İncelenemeyen cep telefonunu duruşmada kilitledi! Mahkeme başkanı sorunca…
Suç örgütü kurmaktan yargılanan Ayhan Bora Kaplan, üst üste hatalı şifre girerek telefonun 3 saatliğine kilitlenmesine neden oldu. Kaplan, "şifreyi doğru girdiğini ancak telefonun neden açılmadığını anlamadığını" iddia etti.
Ayhan Bora Kaplan suç örgütüne ilişkin 28'i tutuklu 61 sanığın yargılanmasına devam edildi. Soruşturma sürecinde incelenemeyen Kaplan'ın telefonu duruşma salonuna getirildi. Mahkeme başkanının talimatıyla cep telefonunun şifresini açması istenen Kaplan, üst üste hatalı şifre girerek telefonun 3 saatliğine kilitlenmesine neden oldu. Mahkeme başkanının, bu durumu sorması üzerine Kaplan, "şifreyi doğru girdiğini ancak telefonun neden açılmadığını anlamadığını" iddia etti.
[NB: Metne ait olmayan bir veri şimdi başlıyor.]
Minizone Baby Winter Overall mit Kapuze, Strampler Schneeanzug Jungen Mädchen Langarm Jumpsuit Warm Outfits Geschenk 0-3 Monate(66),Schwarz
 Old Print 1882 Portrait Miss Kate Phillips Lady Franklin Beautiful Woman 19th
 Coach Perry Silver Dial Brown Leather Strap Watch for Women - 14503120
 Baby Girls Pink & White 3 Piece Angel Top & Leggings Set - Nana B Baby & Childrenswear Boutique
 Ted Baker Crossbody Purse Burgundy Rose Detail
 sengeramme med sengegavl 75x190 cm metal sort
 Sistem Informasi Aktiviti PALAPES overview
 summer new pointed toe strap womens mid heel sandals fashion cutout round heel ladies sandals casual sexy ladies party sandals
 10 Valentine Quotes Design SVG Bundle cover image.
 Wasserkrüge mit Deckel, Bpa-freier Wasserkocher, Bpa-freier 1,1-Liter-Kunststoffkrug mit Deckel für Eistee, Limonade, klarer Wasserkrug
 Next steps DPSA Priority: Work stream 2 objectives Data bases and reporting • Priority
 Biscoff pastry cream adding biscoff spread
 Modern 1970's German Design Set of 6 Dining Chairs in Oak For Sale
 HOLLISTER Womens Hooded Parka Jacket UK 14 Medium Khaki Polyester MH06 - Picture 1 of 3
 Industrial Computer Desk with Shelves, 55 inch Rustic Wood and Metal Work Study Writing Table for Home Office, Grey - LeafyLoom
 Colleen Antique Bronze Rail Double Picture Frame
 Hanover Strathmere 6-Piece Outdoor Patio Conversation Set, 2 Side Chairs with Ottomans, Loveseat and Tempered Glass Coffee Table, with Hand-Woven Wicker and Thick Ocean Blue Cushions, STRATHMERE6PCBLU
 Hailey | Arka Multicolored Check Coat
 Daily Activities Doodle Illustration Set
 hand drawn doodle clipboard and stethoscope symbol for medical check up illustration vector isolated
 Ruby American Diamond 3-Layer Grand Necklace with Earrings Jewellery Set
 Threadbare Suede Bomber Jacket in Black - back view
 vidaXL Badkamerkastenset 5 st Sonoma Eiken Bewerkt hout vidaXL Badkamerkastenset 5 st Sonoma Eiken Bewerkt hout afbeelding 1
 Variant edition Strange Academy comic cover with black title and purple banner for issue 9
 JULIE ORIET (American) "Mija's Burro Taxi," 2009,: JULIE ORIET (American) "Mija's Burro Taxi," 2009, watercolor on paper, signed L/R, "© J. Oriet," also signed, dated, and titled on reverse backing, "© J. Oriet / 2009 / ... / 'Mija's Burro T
Ankara 32. Ağır Ceza Mahkemesince Sincan Ceza İnfaz Kurumları Kampüsü'ndeki salonda görülen duruşmaya, tutuklu ve tutuksuz sanıklar, müştekiler ve taraflar avukatları katıldı.
Savunma yapan sanık Fethi Koyuncu, Kızılay'da esnaflık yaptığını, 2018'den bu yana ise ek gelir için eğlence mekanlarında vale olarak çalıştığını söyledi.
Hakkındaki suçlamaları kabul etmeyen Koyuncu, arkadaşlarıyla birlikte, tanınan bir isim olması nedeniyle Kaplan'la fotoğraf çektirdiklerini, sosyal medya hesabındaki fotoğrafları da ısrarlar üzerine paylaştığını öne sürdü.
Tutuksuz sanık Umut Ö. ise dosyanın müştekilerinden Erkan D'nin, Temmuz 2016'da Kaplan ve adamları tarafından alıkonularak 2 gün boyunca işkence edildiğini öne sürdüğü tarihte Çankaya İlçe Emniyet Müdürlüğünde komiser olarak görev yaptığını söyledi.
Odasında otururken bir şahsın polis merkezine gelerek "kaçırıldığı ve işkence gördüğünü" söylediğini belirten Umut Ö, bu kişinin sorulara cevap vermediğini, ardından da Ankara Emniyet Müdürlüğü Organize Suçlarla Mücadele Şubesi ekiplerine teslim edildiğini anlattı.
Aradan geçen 7 yılın ardından evinde gözaltına alındığını ifade eden Umut Ö, hakkındaki suçlamaları reddetti.
Sanık Mahmut Gökhan Çanga da Bora Kaplan'ı avukatlık yaptığı zamanlarda vekil olarak katıldığı bir duruşma esnasında gördüğünü ve kendisiyle hiçbir bağlantısının olmadığını savundu. Çanga, Kaplan'ın talimatıyla örgüt üyelerince öldürüldüğü belirtilen Semih Arslan'ın, aksine intihar ettiğini öne sürdü.
YANLIŞ ŞİFRE GİREREK KİTLEDİ
Mahkeme başkanı, sanık ifadelerinin ardından duruşmaya ara verdi. Arada, mahkeme başkanının talimatıyla, soruşturma sürecinde şifreli olması nedeniyle incelenemeyen Kaplan'ın telefonu duruşma salonuna getirildi.
Mahkeme başkanının talimatıyla cep telefonunun şifresini açması istenen Kaplan, üst üste hatalı şifre girerek telefonun 3 saatliğine kilitlenmesine neden oldu. Mahkeme başkanının, bu durumu sorması üzerine Kaplan, "şifreyi doğru girdiğini ancak telefonun neden açılmadığını anlamadığını" iddia etti.
NE OLMUŞTU?
Ankara Cumhuriyet Başsavcılığınca hazırlanan iddianamede, Ayhan Bora Kaplan ve 5 örgüt yöneticisi hakkında ''suç işlemek amacıyla silahlı örgüt kurmak ve yönetmek'', ''kasten adam öldürme'', ''nitelikli kasten adam öldürme'', 'kasten yaralama'', 'kişiyi hürriyetinden yoksun kılma'', ''nitelikli yağma'', ''eziyet', ''suç delillerini yok etme, gizleme veya değiştirme'', ''suç üstlenme'' ve ''suçluyu kayırma'' suçlarından 1'i ağırlaştırılmış 2'şer kez müebbet ve 169 yıl 6'şar aya kadar hapis cezası istendi. Diğer 55 sanık için de çeşitli sürelerde hapis cezası talep edildi.